The problem is that AI is just a tool. Companies are trying to make it the centerpiece of their product, which leads to a flood of projects that don’t differ from one another. They use the same models, and there’s no real distinction between them. That’s why most of them have no chance of surviving. The winner won’t be the one who builds the best AI but the one with a unique use case for their product.

Basically, companies are using existing models rather than developing their own. Is that correct?

Yes. Developing proprietary models is very risky because it’s incredibly expensive. And, of course, they lack the expertise that exists within OpenAI or Anthropic. I believe that creating your own model from scratch is absolutely futile for most companies today simply because they lack the resources.

Could this change with blockchain? Perhaps decentralized model training?

That’s a very interesting question. I don’t think blockchain, in isolation, could help. But if we don’t find a way to pool resources for model training, and if we don’t figure out how to conduct AI research using some sort of distributed grant system, we won’t be able to build a future where OpenAI and Anthropic don’t control the best models.

Creating and training models at the level of GPT-4 requires enormous computational power — clusters with thousands of processors, like the H100. If one company controls such a cluster, the disappearance of that company means we lose access to those resources. We’re forced to build a new cluster, which costs a fortune.

There’s a chance that Meta will continue to release models. If it weren’t for them, we would be in a much worse position. But we can’t build an open-source future around a company that is relatively closed off.

In the short term, what is the most likely scenario for how the blockchain community could develop a model at the level of GPT-5 or even GPT-4? It would involve some entity building a large cluster that the community funds together. This would result in a model controlled by that community, which would also share the revenue from its use.

However, in the long term, I believe this approach is also risky. If the mentioned entity disappears, the cluster disappears as well. To continue training the model, we need time to build a new cluster, and it must keep getting bigger and bigger.

So today, it’s already difficult to pool 30,000 processors. But if we want to move forward, we need more resources. We need people to find a way to train models in high-latency systems.

Then it’s enough to just tap into resources from people who have cheap electricity or idle GPUs. If we find a way to train models in this manner, it would completely solve the problem.

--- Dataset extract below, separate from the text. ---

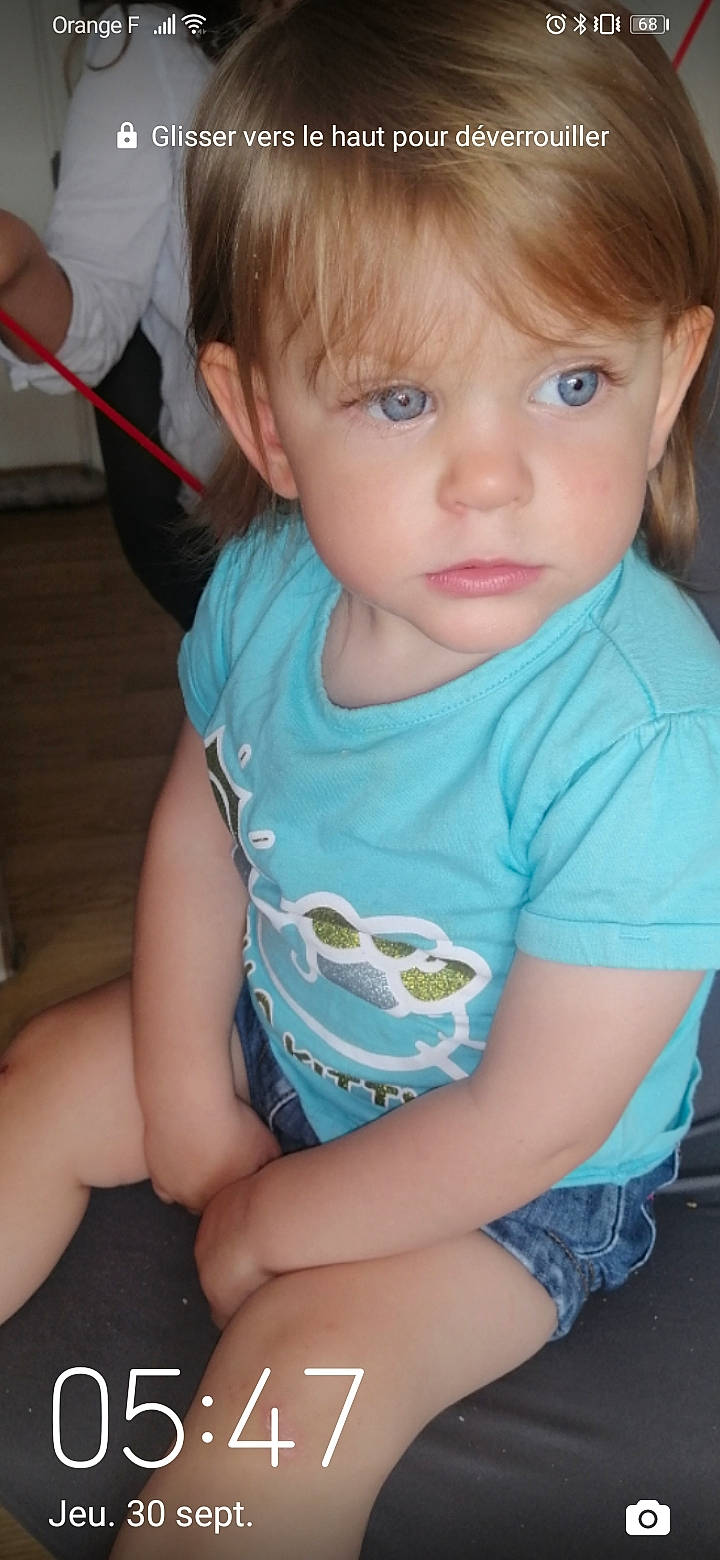 Chloe participe au concours pour gagner de l'argent avec cette photo : arm, baby_toddler_clothing, blue, cheek, ear, eye, eyebrow, eyelash, facial_expression, hairstyle, head, iris, joint, lip, mouth, neck, nose, organ, person, skin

Interesting articles are already emerging from DeepMind and other labs describing how to train models with high latency.

What does high latency mean in the context of AI training?

Today, we require fast data exchange between processors. For example, all OpenAI clusters use InfiniBand, while Amazon uses EFA [elastic fabric adapter].

So we’re talking about the fast exchange of information between GPUs?

Yes. Because how are models trained today? You take a model and shard it across devices. There are three directions for sharding — model parallelism, pipelining, and replication.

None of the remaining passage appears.